R.I.P. Tony Todd, horror icon and Candyman star
Todd also had memorable starring roles in Final Destination and gave one of the best Star Trek guest appearances of all time.
Image: Tony Todd in Hellblazers (Credit: Tubi)Tony Todd has died. A veteran actor with a deep, resonant voice that matched his towering frame, Todd racked up nearly 250 credits across a 40-year film and television career. But while he played superheroes, supervillains, Klingons, soldiers, jazz men, preachers, cops, killers, doctors, monsters, mobsters, generals, aliens, Transformers, and more, Todd will inevitably be remembered best for one role: His title turn in 1992 horror hit Candyman. (Referred to, in mock-hush tones, as “the motion picture” when Todd discussed his legendary career in interviews.) It was the film that catapulted Todd into the blood-streaked limelight, putting him on first-name basis with fellow horror icons like Kane Hodder and Robert Englund; it’s the film that most widely showcased his twin gifts for charisma and menace. It was also just a portion of a career that stretched from the jungles of the Philippines for Oliver Stone, to the far reaches of space for his many turns in the Star Trek franchise, and to a hundred other points in between. Per Deadline, Todd’s death on Wednesday was confirmed by his representatives this evening. He was 69.
Born in Washington D.C., Todd pursued acting from an early age, achieving a Masters degree in his craft and working as an acting teacher in the early days of his career. A stint in New York theater caught the eye of casting directors working for Oliver Stone, and Todd was offered his first film role in the mid-’80s: A small part in Platoon, which saw Todd travel across the planet to film in the Philippines with a cast of soon-to-be-massive stars. A starring role in Tom Savini’s Night Of The Living Dead remake a few years later elevated his profile further, and he became a mainstay doing single-episode stints on TV—including the rare distinction of a guest star turn on Stephen Bochco’s deeply bizarre Cop Rock. (“Failed to get the numbers,” Todd reminisced with us in a 2010 interview about his career. “Failed to get the ratings. But boy, was it fun!”) Notably, this period saw Todd pick up the first of what would eventually be several appearances in Star Trek; after auditioning again, and again for the producers of Star Trek: The Next Generation, he eventually landed the role of Kurn, the Klingon brother of Michael Dorn’s Worf. Down the line, Todd would go on to appear in different roles in three of the Trek series, including in Deep Space Nine‘s “The Visitor,” generally held up as one of the franchise’s finest hours—not least of which because of Todd’s performance as an aging, grief-afflicted Jake Sisko.

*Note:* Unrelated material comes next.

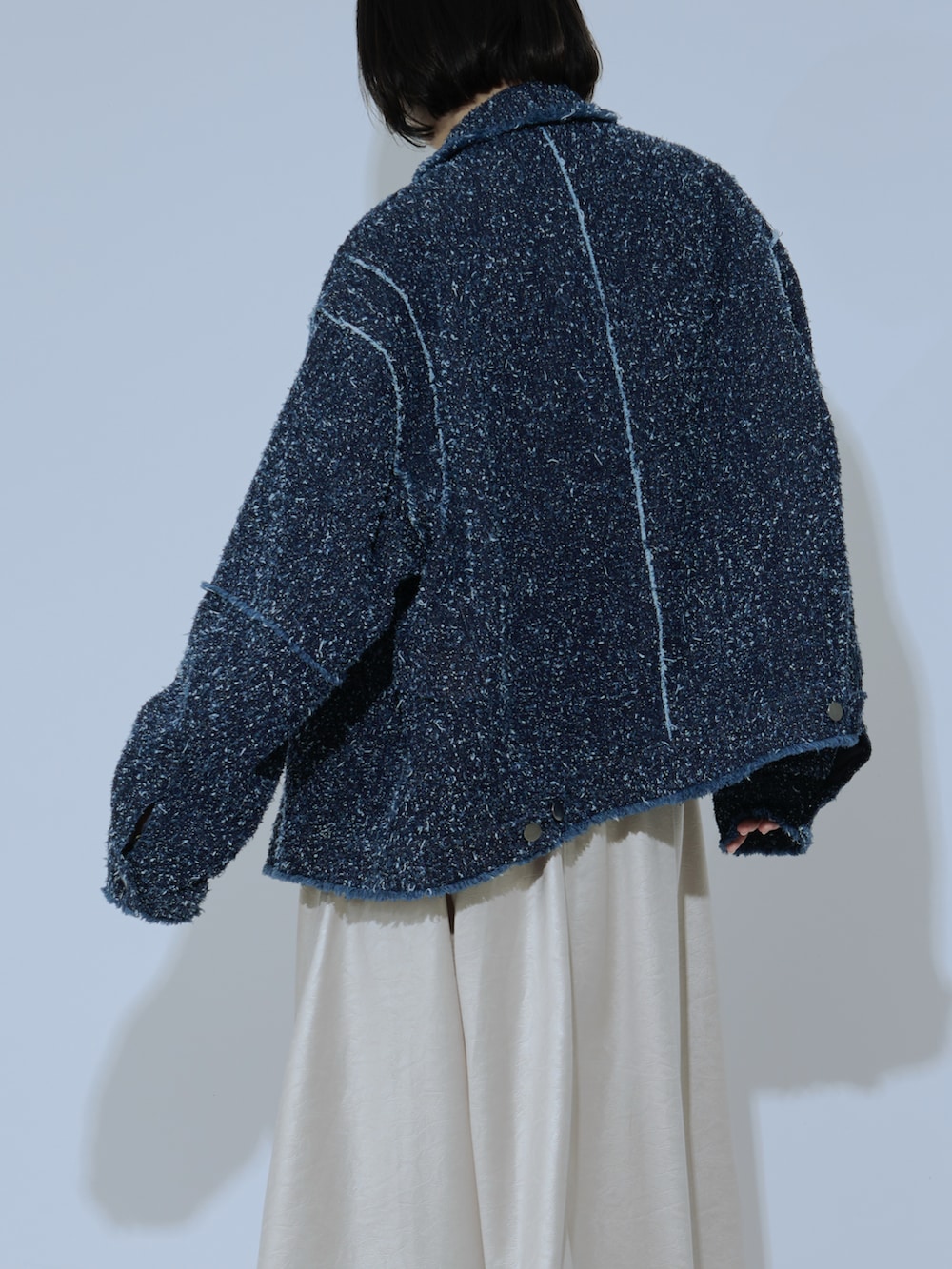 ブラック系のデニムジャケット、ベージュ系のスカート、ブラック系のニット/セーターを着用したレディースの冬コーディネートの3枚目の写真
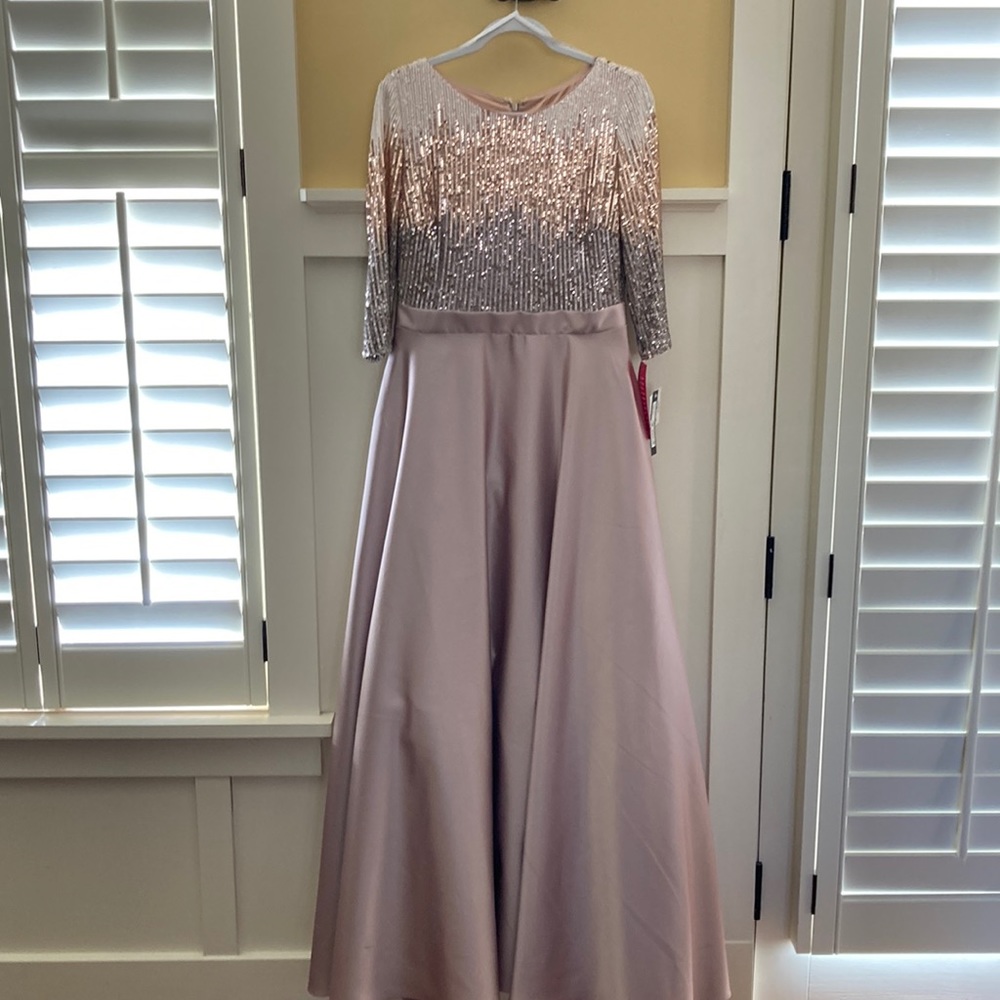 Beaded ball gown with pockets. Size 12. Never worn. $250.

Back in 1992, though, we come to the dividing line of Todd’s career; it’s all pre-Candyman, or post-Candyman. Todd had to fight like hell to get the part, despite initially being unsure about what the film even was. (“I get a call from my agent saying ‘This director wants to see you, wants to just meet you about this movie called Candyman.’ I thought he was fucking joking. I mean, what is that? A Sammy Davis thing? What is that?”) But director Bernard Rose was convinced that Todd was the man to play murdered vengeance-seeker Daniel Robitaille, a role that required an actor as seductive as he was terrifying, a figure of sympathy as much as outright horror. (Todd, acknowledging the influences: “I was heavy into the whole Dracula, Phantom Of The Opera thing.”) The resulting film was only a modest hit at the box office, but it penetrated deep into the American psyche, driven on by its unique take on urban legends, the rarity of a Black icon in the horror field, and Todd’s own on-screen power. (Also, the bees.)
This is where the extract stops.